От Криста проистекало слабое и приглушенное раздражение. А самому Стафену было неловко. К нему, э, клеятся?
Точно — клеятся! Клеится. Прижалась боком и глядит искоса. Стафен смутился.
— Э. Не очень. Работа такая, знаете, напряженная. Не очень-то располагает.
Лиза эта — ну точно, давно не было сексуальной активности, если сухим анкетным слогом — с явным придыханием сообщила:
— У меня в магазинчике много белых и алых роз. Пользуются большой популярностью.
И как-то совсем уж активно вжалась своими, э, грудями. Они очень хорошо ощущались через тонкую пижамную кофту. Стафен почувствовал, как к щекам приливает горячая кровь. — Вы… вы…
От волнения начал заикаться. И почему же Крист не вмешается?! Ах да, ящеры не слишком это всё понимают…
— Тут так страшно. И нечем заняться. И…
И тут Стафен вспомнил. Лиза Вильновски, тридцать два года, целитель-терапевт в городской клинике.
Стафен сглотнул.
— Ты не Лиза.
— Нет.
Лицо "Лизы" словно пошло рябью. Но сразу почти прекратило. И снова сделалось Лизиным.
— Ты вообще человек?
— А есть какая-то разница? Секс — он везде одинаковый.
— Ты суккуб.
— Нет.
Мягкие пальцы, наглаживавшие грудь Стафена, вдруг сделались твердыми и когтистыми.
— Не суккуб, не вампир и не ведьма, — промурлыкала тварь.
— Крист!
Крист взволнованно взмахнул крыльями, но замер.
Когти удлинились и легли Стафену на горло. Пока что нежно, но аккурат на то место, где проходит артерия.
— Не дёргайся. Если тебе так уж важно, то я — лес. Я — всё, что ты видишь вокруг. А такие как ты — и как твой зверь — сюда редко забредают. И вы очень уж аппетитные. А я ужасно голодна…
Крист зарычал, не решаясь что-то сделать, а Стафен зажмурился и толкнул.
Толкнул, в толчок вплетая все свои не очень-то обширные магические силы.
— Уйди! Оставь нас в покое!
И тварь гнусно захохотала.
***
Это был паралич воли, оцепенение связи, и вдруг — спало. Будто оборвались те нити, электрические цепи и проводки, которые держали в напряжении последний час. Или сколько там на самом деле времени прошло… Крист вдохнул полной грудью и расправил крылья. Хотел даже ударить, но не видел куда и кого, потому что лес вдруг растянулся в невообразимую бесконечную полосу, завертелся и вдруг — схлопнулся.
И ничего не стало.
Только звенело, звенело и звенело тонко и навязчиво над ухом.
И не было воздуха.
Крист беззвучно распахнул рот, высунул язык (и стал, конечно, похож на собаку — вспомнил, ему говорили). Но воздух не появился.
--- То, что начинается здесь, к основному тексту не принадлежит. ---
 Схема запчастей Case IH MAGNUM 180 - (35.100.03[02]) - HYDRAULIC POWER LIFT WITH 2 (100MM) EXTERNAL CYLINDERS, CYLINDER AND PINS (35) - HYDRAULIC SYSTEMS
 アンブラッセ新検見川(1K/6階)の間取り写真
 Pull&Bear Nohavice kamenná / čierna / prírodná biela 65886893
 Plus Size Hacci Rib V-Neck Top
Крист закричал — но звука не было.
Крист попытался бежать, лететь — но его обволокло безвоздушной влажностью и непрозрачной желтизной.
И тогда Крист понял.
Желтизна пульсировала. По желтизне сновали красные прожилки, в прожилках — капельки. Сгусток сжимался и разжимался, гоняя по прожилкам капли и пузырьки.
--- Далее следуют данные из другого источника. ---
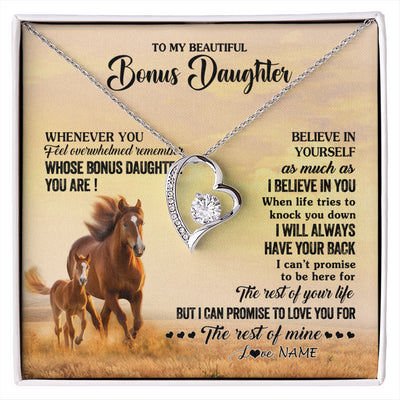 Forever Love Necklace 14K White Gold Finish | 1 | Personalized To My Bonus Daughter Necklace From Stepmom Whenever You Feel Horse Stepddaughter Birthday Jewelry Christmas Customized Gift Box Message Card | siriusteestore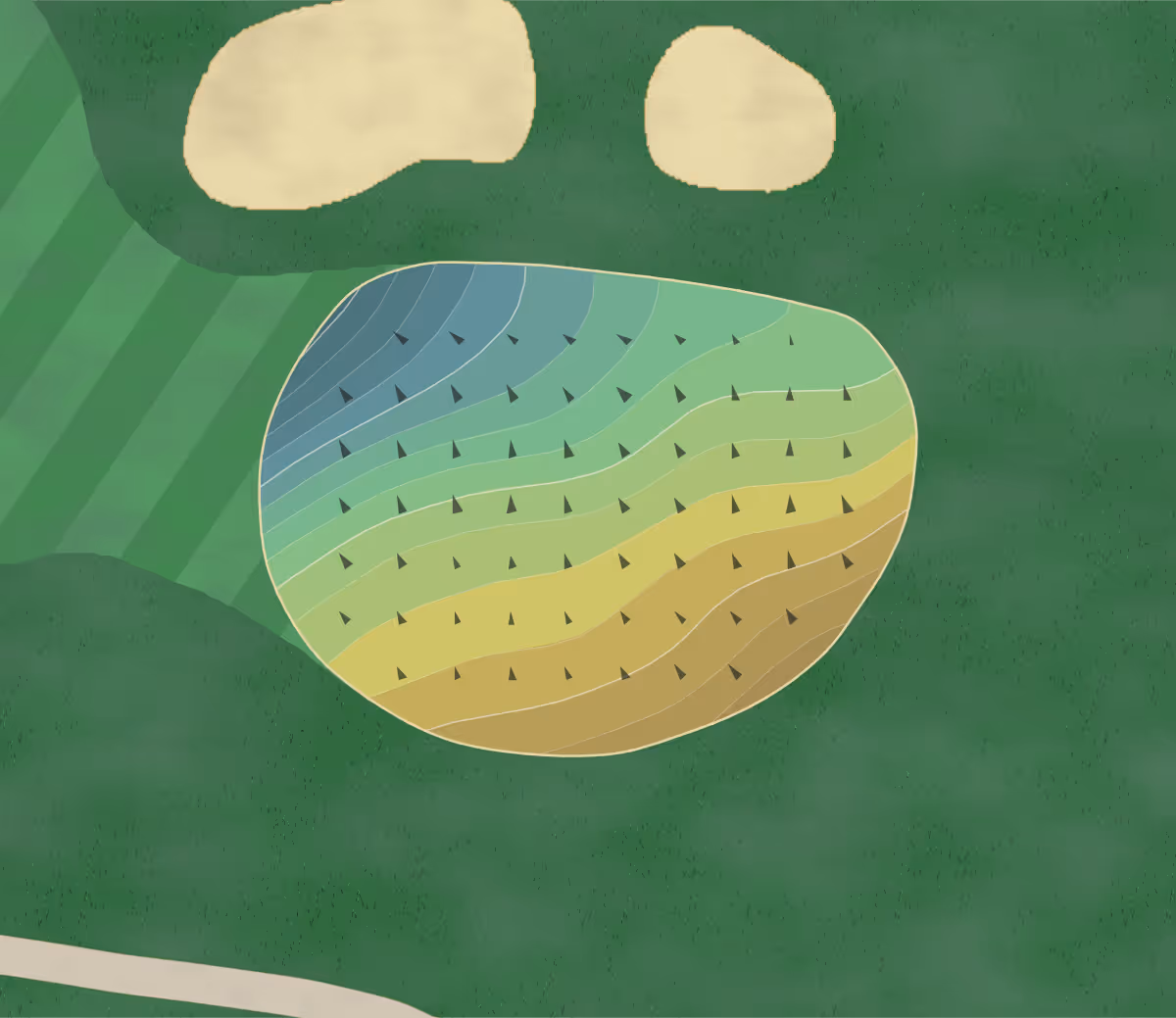 Green contour map of Hailwood in Meadville, Pennsylvania — 135 elevation contours at a 3-inch interval with fall-line arrows, traced from 1-meter lidar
Звуков не было. Воздуха не было. Свет не приглушался ничем, даже если зажмуриться.
Крист оказался в яйце. Он снова забился и затрепыхался, но он и был тем самым сгустком, затемнением, едва просвечивающим сквозь скорлупу.
Крист сидел в яйце, яйцо стояло под лампой инкубатора в ряду таких же бессмысленных яиц с затемнениями, и в них другие сгустки сжимались и разжимались, гоняя по прожилкам кровь.
Ряды не нужных никому яиц, на которые специальные работники вынуждены тратить своё рабочее время и силы только потому, что им за это платят. Всегда мало, недостаточно, а работа монотонная — включать и выключать лампы, следить за датчиками температуры, раз в шесть часов переворачивать одинаковые яйца. В одном из них и сидит Крист, немой и бессильный, ничего не понимающий, не знающий внешнего мира, ничего почти, кроме желтого света, не видящий.
Сжатый тисками скорлупы и неспособный даже закричать. Раз в шесть часов его мир переворачивается с ног на голову в полной тишине и бессилии.
Крист бесконечно и бессмысленно кричит; даже если звука этого нет вне, он есть внутри Криста. Час за часом. День за днём. Раз в шесть часов перехватывает слабые сгустки легких, и даже внутренний крик прерывается.
***
С лица твари опадают клочья, целые лоскуты кожи.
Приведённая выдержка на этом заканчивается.